Small screen magic was in the works at Ursinus College this weekend.
The auditorium in F.W. Olin Hall was chosen as the setting for a few scenes in a pilot for a new television show written by Shonda Rhimes.
Rhimes is the creator and executive producer of Grey's Anatomy and Scandal, two popular hour-long dramas on ABC.
The show, which has not yet been picked up by a network, is using the working title, 'How to Get Away with Murder,' and stars Academy Award nominee Viola Davis, from 'The Help,' and Matt McGorry, from the Netflix series, 'Orange is The New Black.'
The show is about a professor, played by Davis, 'and her students who become entangled in a murder plot,' according to a press release issued by Ursinus.
A college in Bryn Mawr was also used for several scenes shot last week, according to the college.

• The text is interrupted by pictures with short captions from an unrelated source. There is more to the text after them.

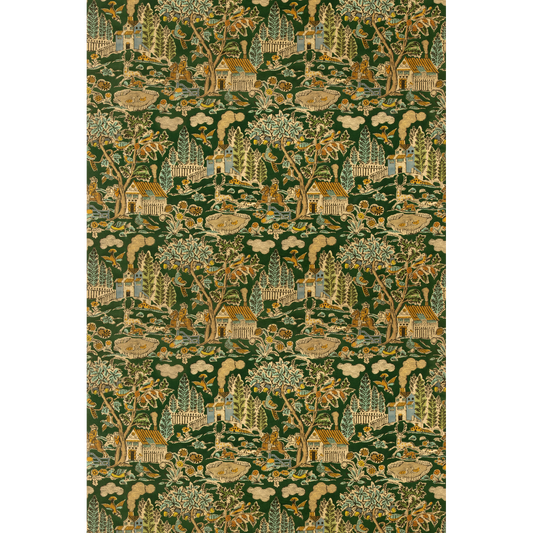 GP & J Baker | Home Park Velvet fabric - Royal Green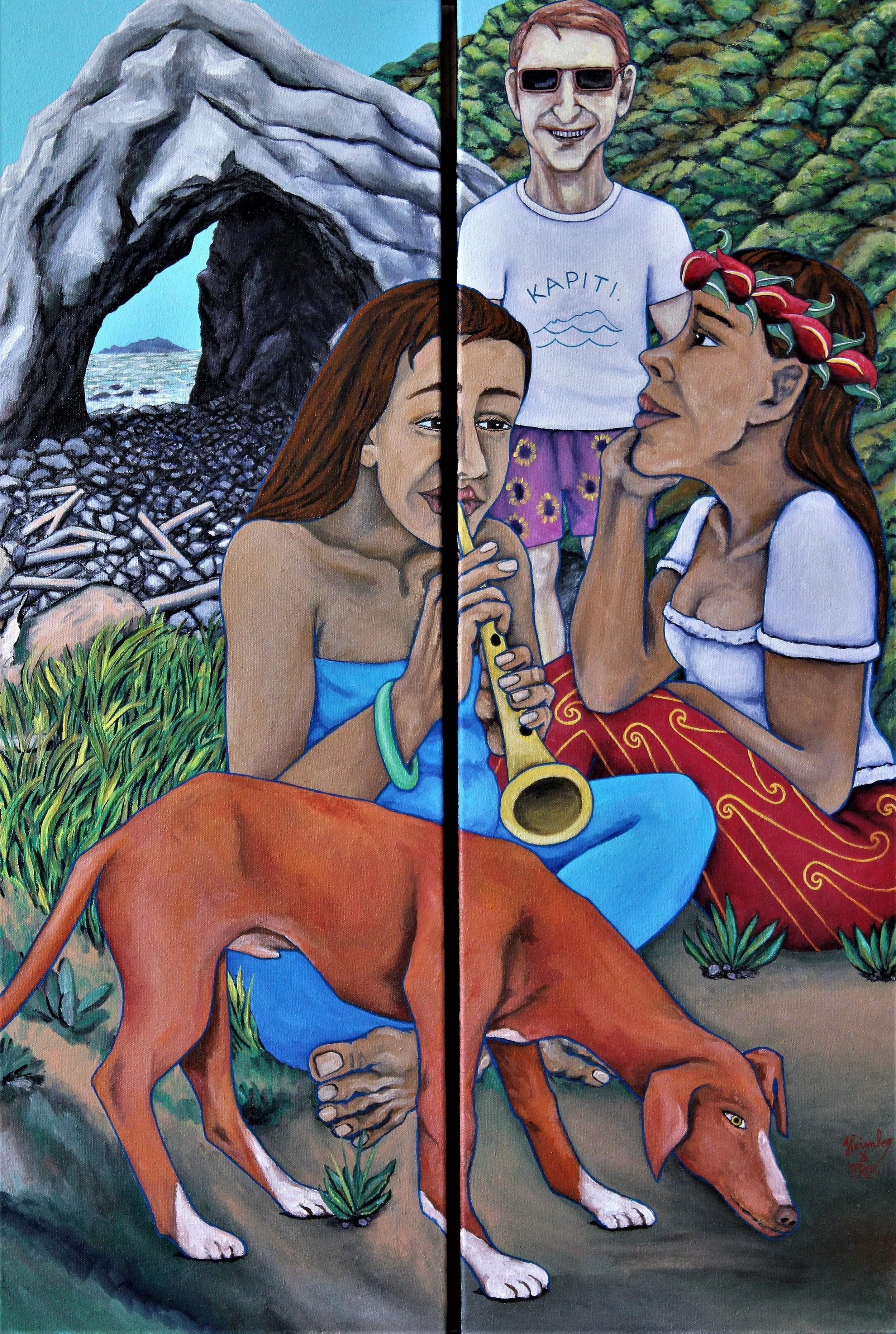 Other Side, framed, 120 x 81 cm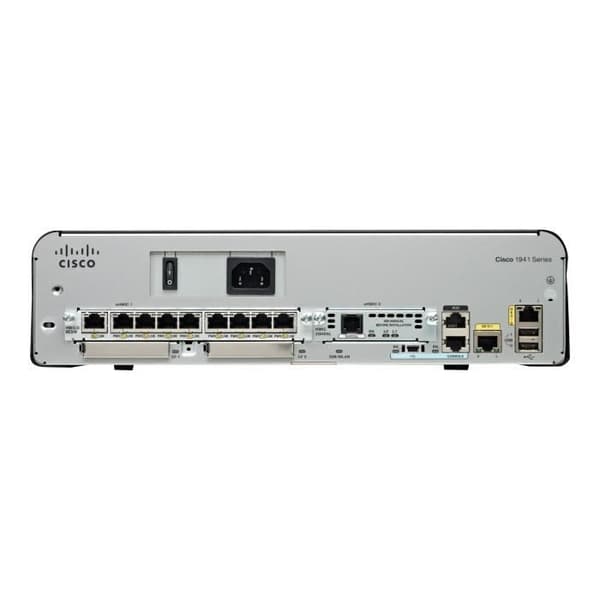 Cisco 1941 802.11a-b-g-n GigE trådlös router (draft 2.0) Rackmonterbar- USED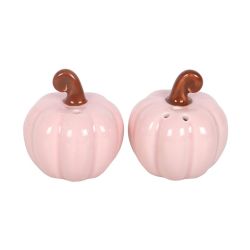 Salières et poivrières citrouille rose bouclée d'automne de Herboristerie et Esotérisme à Libourne dans S162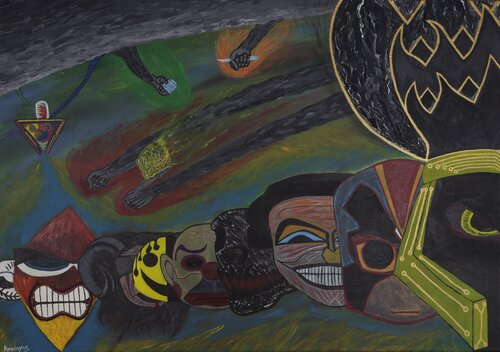 Persönlichkeiten by Amaduyus, 油畫 for Sale on Singulart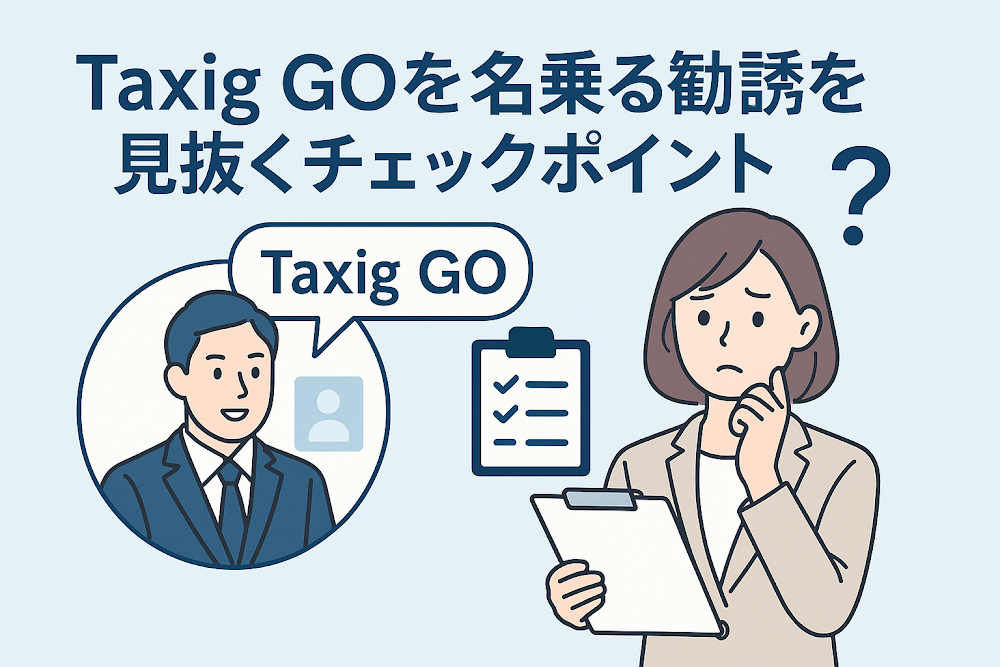 Taxig GOを名乗る勧誘を見抜くチェックポイント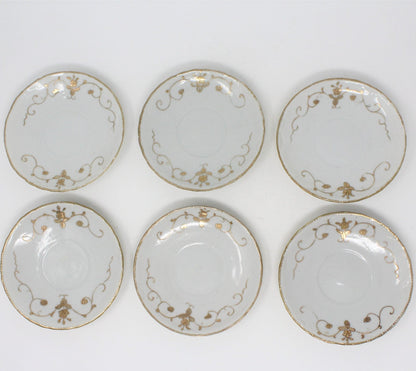 Chocolate Set, Imperial Nippon Moriage Gilded Floral, 14 Pcs. Antique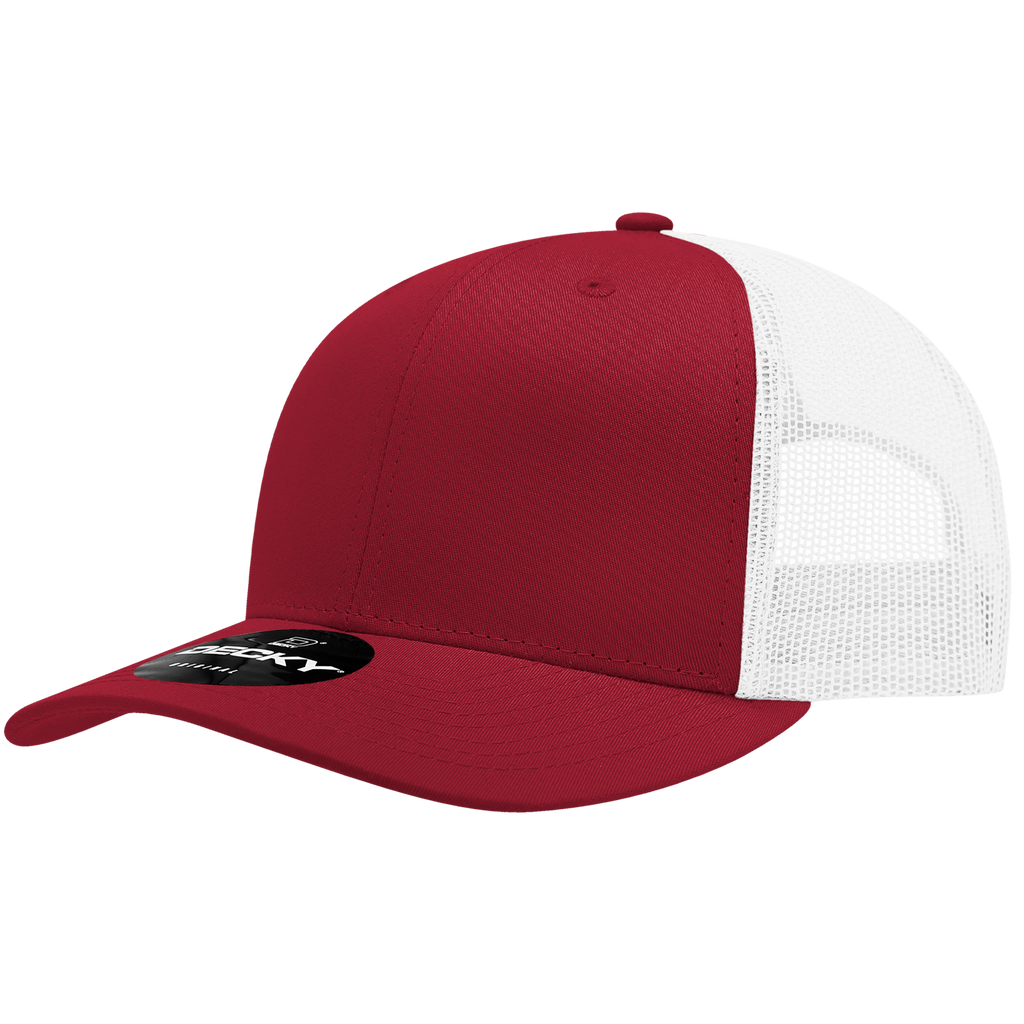 Decky 6021 6 Panel Mid Profile Structured Cotton Blend Trucker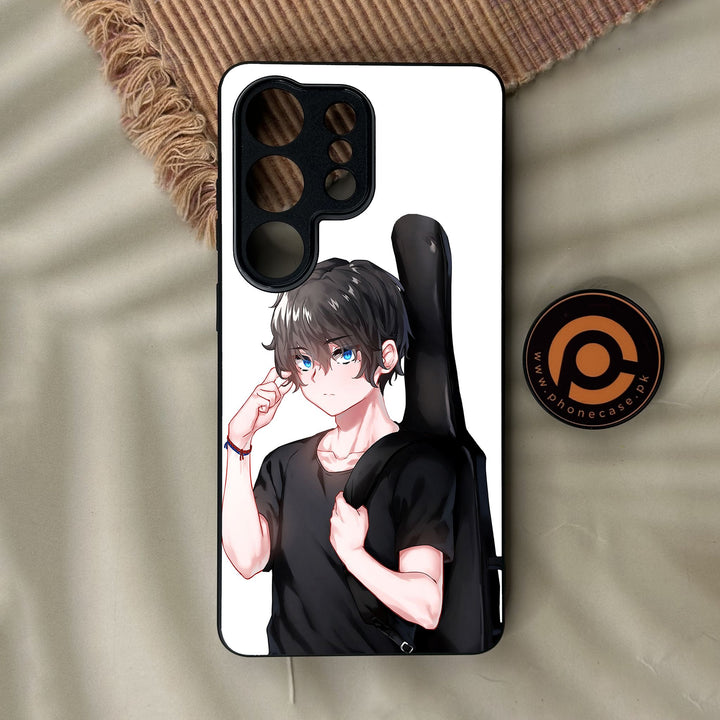 Samsung Galaxy S26 Ultra - Anime Series Design 2 - Premium Metal Printed Soft Bumper Shock Proof Case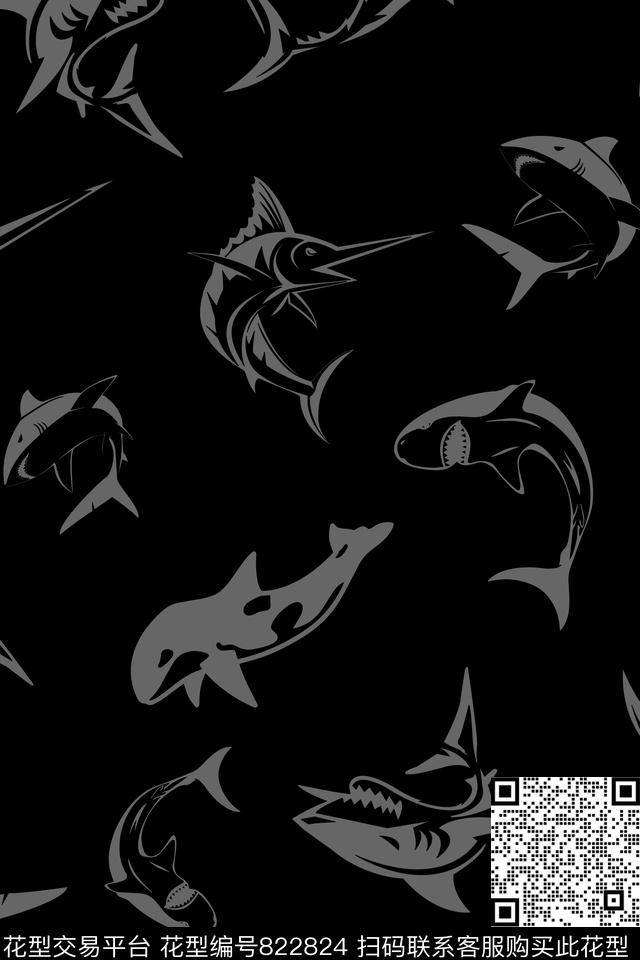 寸衫男装T恤传统印花华亿平台下载（图片编号: 822824） - 瓦栏（Walan）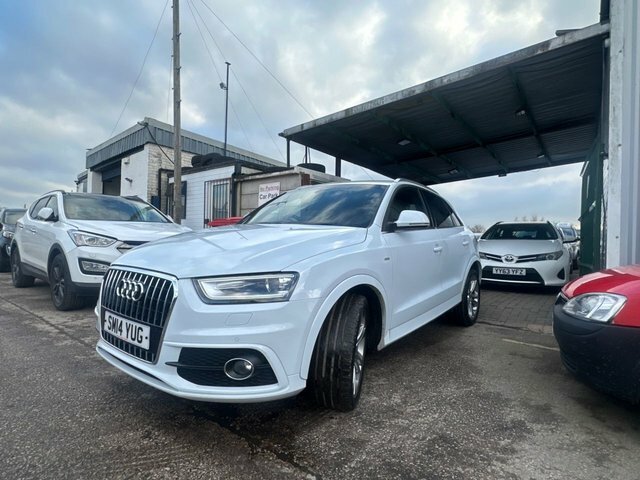 Audi Q3 Tdi S Line Suv SM14YUG White #3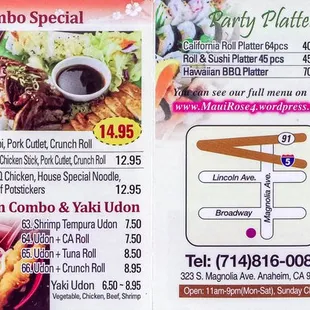 Pocket menu (high resolution scan)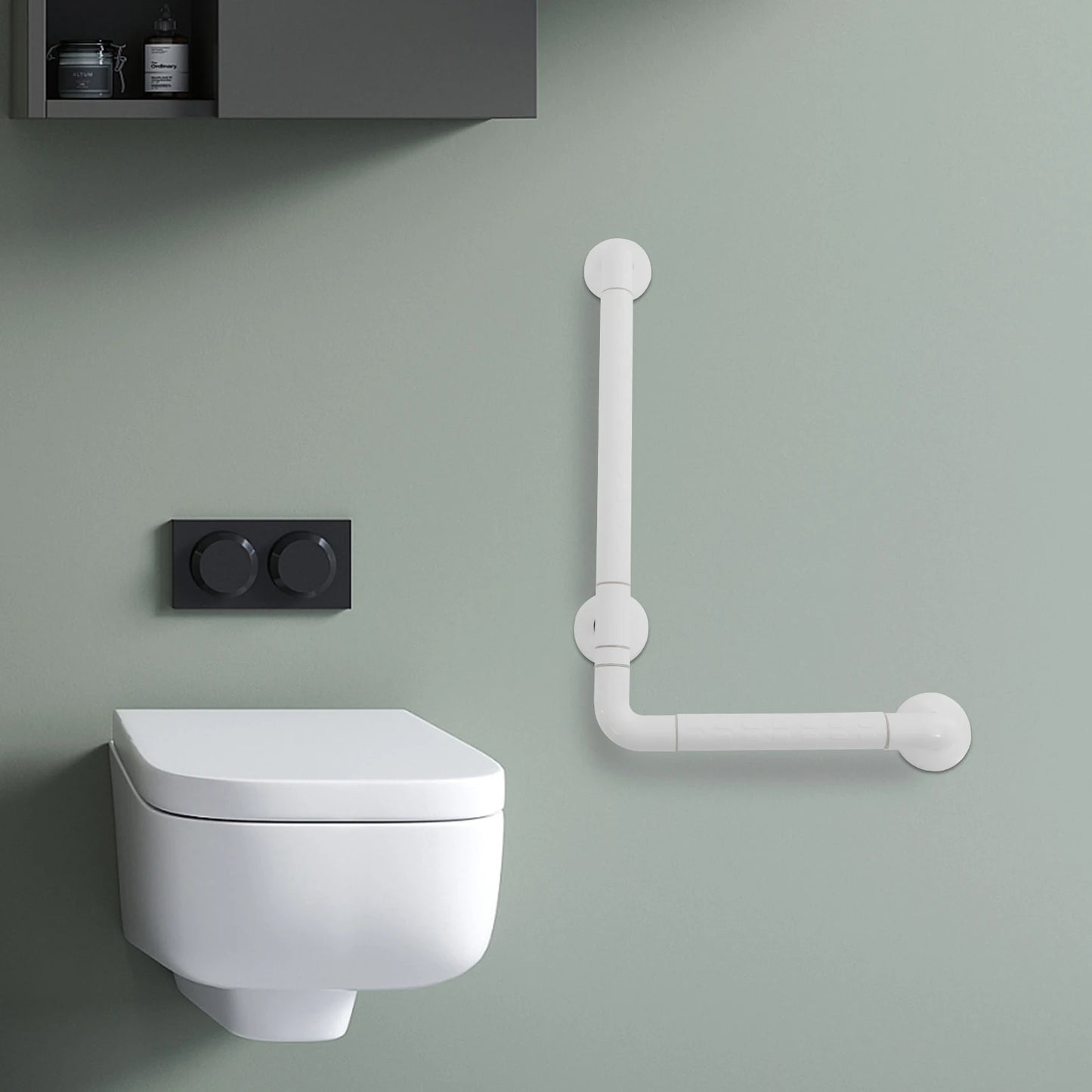 Stainless Steel L Shaped Grab Bar 200kg Capacity Anti Slip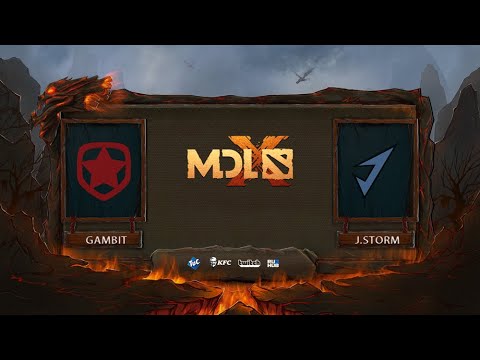 Gambit Esports vs J.Storm, MDL Chengdu Major, bo3, game 3 [Jam & Maelstorm]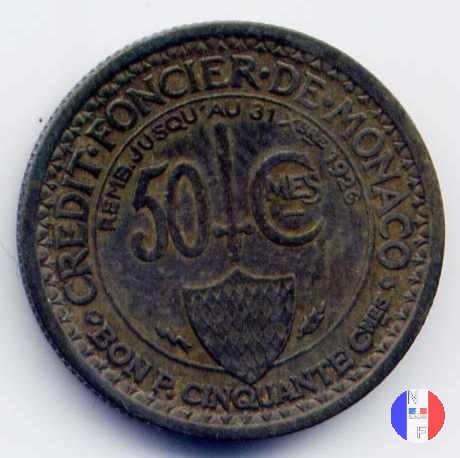 50 centesimi -  Crédit Foncier 1924 (Poissy)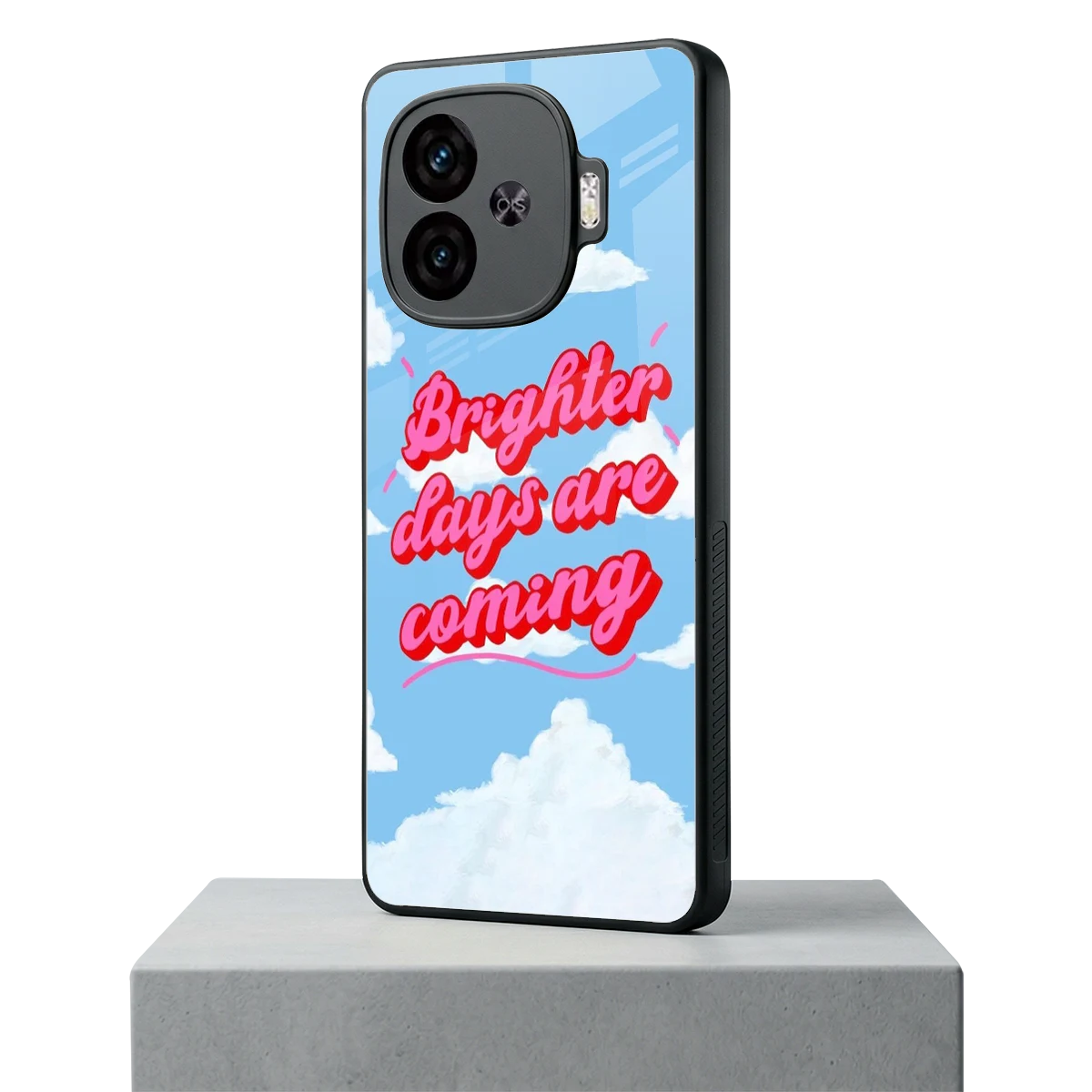 Brighter Days Are Coming iqoo neo 10r 5g mobile cover | shockproof glass phone case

Maureen Cawley, the events coordinator for Ursinus, said a location scout for a movie came to campus in the fall and called when he heard about the show.
'He knew our campus from walking around and taking pictures. He contacted me when he knew they were looking for a location,' Cawley said.
An Ursinus graduate works at the Philadelphia Film Office and also approached Cawley about using the auditorium for the pilot.
'I think they looked at a number of different halls at different schools,' she said.
Although Olin Auditorium was a good match, changes had to be made so that it fit in with the vision of the show.
Lighting, sound and construction crews were on campus Wednesday, Thursday and Friday to make the Ursinus lecture hall into a lecture hall at the fictional university.
The scenes filmed on Saturday and Sunday were going to be a class of some kind, but Cawley couldn't say what the details of the scenes were or how important they were to the plot of the show.
'I think it is going to be a law school class,' she said.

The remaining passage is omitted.